Appropriate values for the first dielectric constant (K.sub.1) of
the insulating materials range from about 100 to about 500, and
preferably are within the range of about 150 to about 200, and more
preferably are about 170 or less than about 170. The second portion
36 is at least partially formed of a relatively conductive material
such as borosilicate glass or any other suitable material having a
second relatively low dielectric constant (K.sub.2).

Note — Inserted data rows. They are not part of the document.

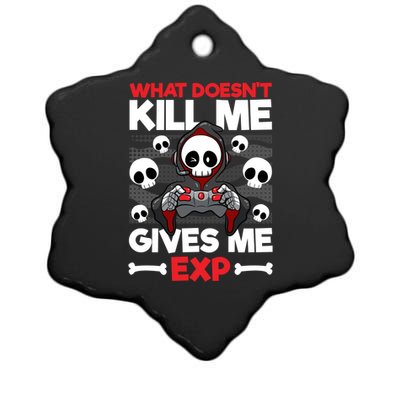 Funny Gamer Skeleton Bones Cute Video Gaming Exp Quote Meaningful Gift Ceramic Star Ornament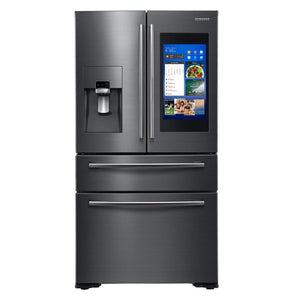 SAMSUNG FRENCH 4 DOOR FAMILY HUB REFRIGERATOR IN BLACK STAINLESS - New 4 Less Appliances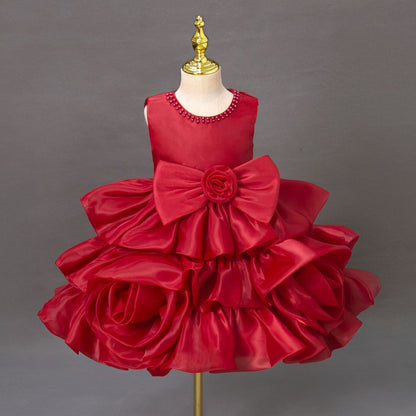 Girls Princess Dress with 3D Roses and Bow Tiered Tulle Birthday Party Gown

Appropriate
values for the second dielectric (K.sub.2) of the relatively
conductive material of the second portion 36 range from about 2 to
10 and preferably are within the range 3 to 6 and more preferably
are about 3.9 or less than about 3.9.
[0012] The first portion 34 may be attached to the second portion
36 in a variety of manners to form the switching member 12. The
first portion 34 may be adhesively or otherwise secured to the
second portion 36. Furthermore, the rod 28 may be secured to the
first portion 34 and second portion 36 using any number of
techniques such as adhesive attachment or otherwise.

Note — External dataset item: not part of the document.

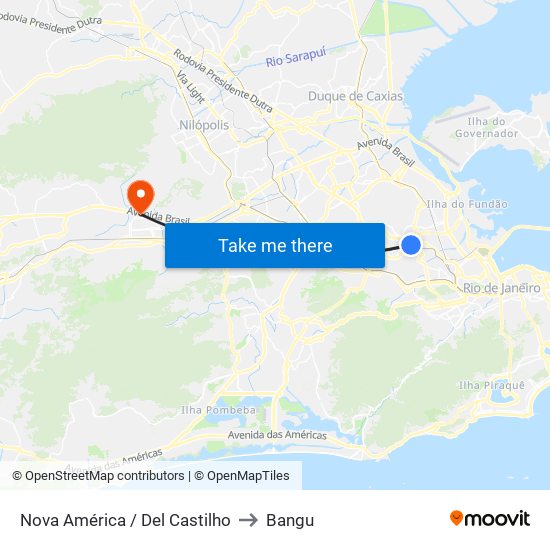 Nova América / Del Castilho to Bangu map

[0013] In a preferred embodiment, the cylindrical rod 28 is
integrally formed as a single component with a generally annular
portion 40 and the cylindrical rod 28 and the annular portion 40
are formed of a metal such as gold, aluminum or the like. The
annular portion 40 and the rod 28 can also be formed of silicon or
other suitable materials. Also preferable, the insulating and
conductive materials of the first portion 34 and second portions 36
are deposited or otherwise attached to the annular portion 40 to
respectively form layers (42,44) of such materials. Deposition of
the materials can be accomplished by physical vapor deposition
methods such as sputtering with a solid cathode or by other
suitable deposition methods. Momentarily referring to FIG. 4,
cathodes 50 can be used to sputter materials through a shadow mask
52 having a pattern 54 such that the materials are deposited
according to the pattern 54 upon a substrate 56 such as that shown
in FIG. 4 or upon the annular portion 40 of the assembly 10 of FIG.
1.
[0014] Referring to FIG. 1, the first lead 14 and second lead 16
are elongated metal strips that are generally "S-shaped" and extend
between a first end 62 and a second end 64. However, any number of
shapes and configurations can be utilized for the leads in
accordance with the present invention. Furthermore, the first lead
14 and second lead 16 are in contact with one of the first surface
20 or second surface 22 of the switching member 12. The first lead
14 and second lead 16 can be arranged such that the first end 62 of
the first lead 14 is in contact with the first surface 20 of the
switching member 12 and the first end 62 of the second lead 16 is
in contact with the second surface 22 of the switching member 12.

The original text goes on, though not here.